Faced with the onset of the Younger Dryas, our ancestors probably didn’t sit around arguing about how to stop the ice from advancing. It’s far more likely they took stock of their surroundings and found ways to act quickly to protect the things they cared about most.
“Some people will care about the decreasing glaciers and certain types of wildlife, whether that’s butterflies or polar bears, or whatever,” Stainforth said. “But I don’t think most people do. Their cares are smaller; their cares are more personal. I think the number one thing that we care about with respect to climate change is protecting our societies and our cultures. It’s the world that we have, the world we’ve grown up in, our support structure.”
Stainforth said grounding conversations in how climate change affects what we care about is essential to spurring action — and hope.
“There will be places where the train track needs rebuilding because of landslides, because of flooding or because of drought, or because of changes in the grasses that are growing there,” he said. “These things are going to happen, and they’re going to happen more and more frequently, because that’s what climate change is.”
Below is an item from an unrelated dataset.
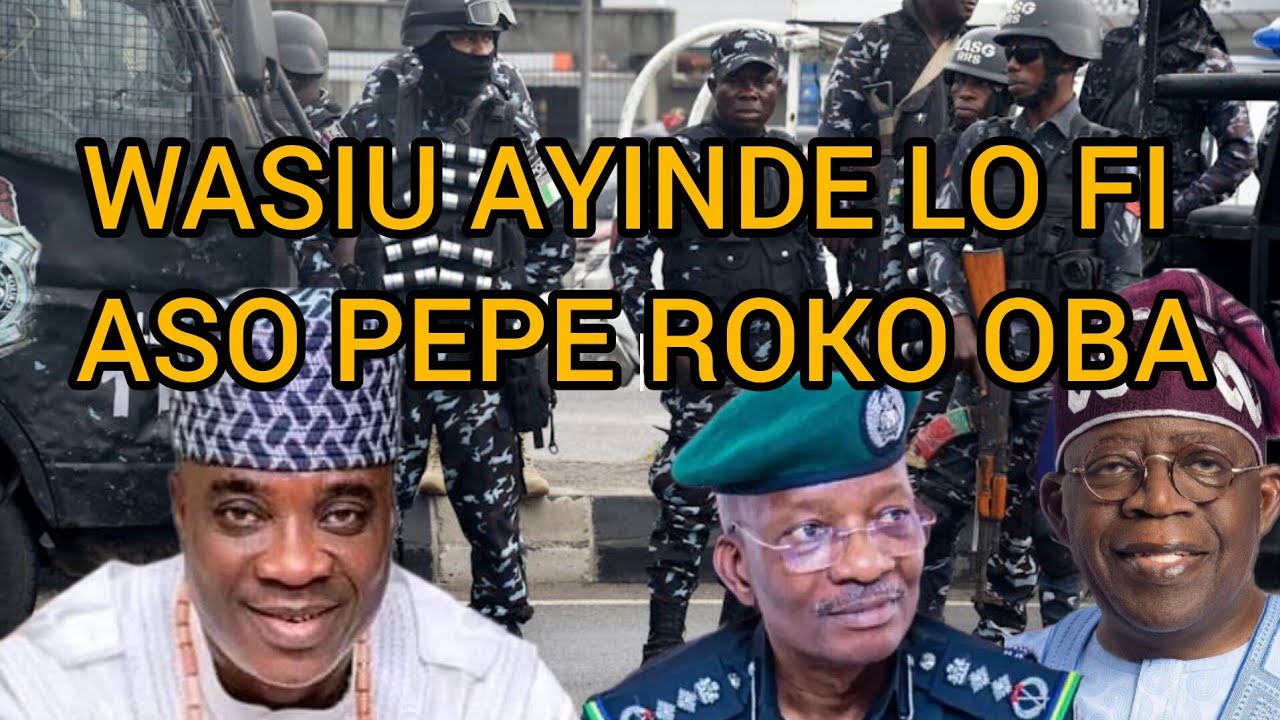 ORO TI BA EYIN YO FUN WASIU AYINDE TINUBU TI YARI PATAPATA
Responding to impacts will be a steady drain on government resources, he said, which in turn means “we won’t have resources for other things — and that can be culture, it can be transport, it can be sports facilities or it could be health or education.”
“It’s a threat to everything,” Stainforth said. In response, we have to decide what to save. “It’s about building a future that we want,” he said.

When American author and activist Rebecca Solnit wrote about hope, she emphasized the value of uncertainty.
“Hope locates itself in the premises that we don’t know what will happen and that in the spaciousness of uncertainty is room to act,” she wrote in her 2004 book Hope in the Dark. “When you recognize uncertainty, you recognize that you may be able to influence the outcomes — you alone or you in concert with a few dozen or several million others.”
If we believe too firmly in a predictable future, Solnit writes, we risk setting ourselves on a path of apathy. Therein lies grief and anxiety and ruin. But if we accept uncertainty as a fundamental part of change, we can act accordingly.
Koppes believes we can see this belief at work in the next generation. Her students have loosened their grip on certainty, she says, but not in an apathetic way.
“There’s no longer any expectation that one can take a snapshot of time or a memory of place and that we can either get back to that time or that place — or that the environment and the climate was ever in a form of stasis,” she said. “They’re grasping at those components of their environments that are still bringing them joy, knowing that they might not exist for their lifetime.”
In other words, her students are accepting and embodying an existential truth: that everything is always in a state of change. And while we can’t be certain about the risks of the future, we also can’t predict how beautiful or resilient it might be.
One day we might name this period for Chamaenerion angustifolium, the fireweed. Or maybe we’ll go for Delonix regia, sometimes called the Phoenix tree. Like our distant relatives, not just enduring but thriving, we’ll rise from the ashes into a world we co-created that protects all that we hold dear.